A Jersey Shore Research Agenda

April 23rd, 2011

Jersey Shore, perhaps unintentionally, created an intriguing societal Situation. It’s cultural impact exceeded all foreseeable expectations. At the White House Correspondents Dinner, the Leader of the Free World joked that a tax on tanning would exclude Snooki, JWOWW, and the Situation. Along with Barack Obama, Sarah Palin, and John Boehner, Time Magazine named The Jersey Shore Cast among the people who mattered the most in 2010. Syndicated columnist Dave Barry quipped that 2010 was one of the worst years ever, because society was first exposed to Jersey Shore.

2010 was the year of Jersey Shore. But why has Jersey Shore, ostensibly run-of-the-mill reality show trash, generated such a profound impact on American culture. The cast of the Jersey Shore–the salacious Snooki, the complicated Situation, the belligerent JWoww, the diplomatic DJ Pauly D, the evolving Vinny, the choleric Angelina, and the violently-in-love Sammi and Ron–represent certain literary archetypes that appeal to society as a whole.

In this research agenda, we aim to analyze the travails of Jersey Shore through several lenses–legal, literary, and sociological.

First, from a legal and political perspective, the often-pugnacious relationship between Sammi and Ronni reveals keen insights into the tragedies of domestic violence, how society tolerates it (no one ever called the police during the outbreaks), and how our legal system often ignores these problems. Broader issues of gender equality in the employment context are realized in the Shore Store and the Gelatto Shop, where cast members of both sexes use their physical assets to procure sales. Finally, the orange-tinted Snooki, and her affinity for self-tanning, has even taken a central place in the constitutional debate over the Patient Protection and Affordable Care Act of 2010, with the oft-derided “Snooki Tax.”

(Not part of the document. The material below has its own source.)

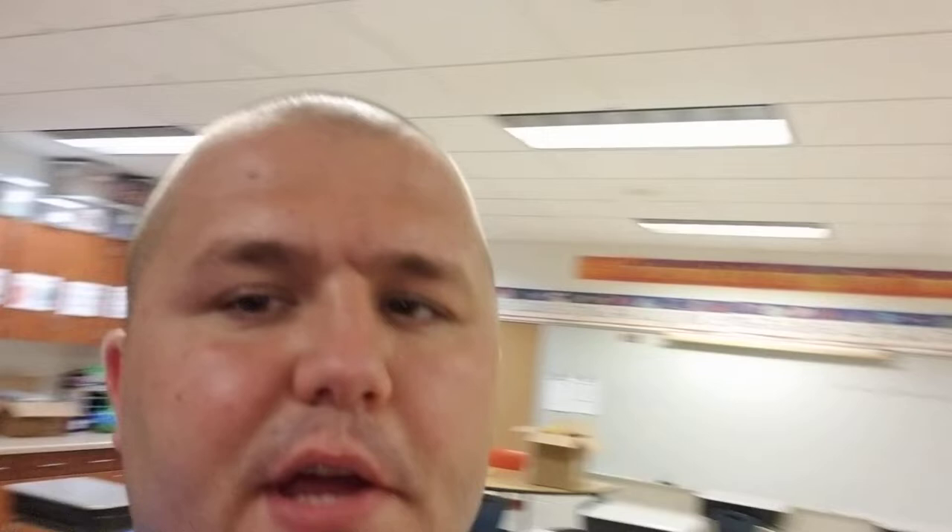We've been having about five months since we've had real school where people are inside. I can't wait to meet all of you. 4th graders, I've missed you. 3rd graders, I can't wait to meet you. Let's get back to school. Let's wash our hands. Let's make sure we're getting good night's sleep. And when next Tuesday comes around, let's roll.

Second, from a literary theory perspective, the Jersey Shore serves as a modern representation of what Mikhail Bakhtin refers to as the “carnivalesque” in Rabelais and His World. The no-strings-attached lifestyle at the Jersey Shore (miss)represents a “carnivalesque”  the grotesque realism which is defined and used in Bakhtin’s work. In this sense, the shore represents an open space that allows people to live a debauched lifestyle that would not normally be accepted in the civitas (the urban center). The life at the shore is perceived as a constant, or a summer-long carnival–equipped with rides, games, alcohol, and scantily clad proclivities for promiscuity–represent the junction between the debauchery generally associated with the European carnivals and the “Guido” lifestyle at the beach.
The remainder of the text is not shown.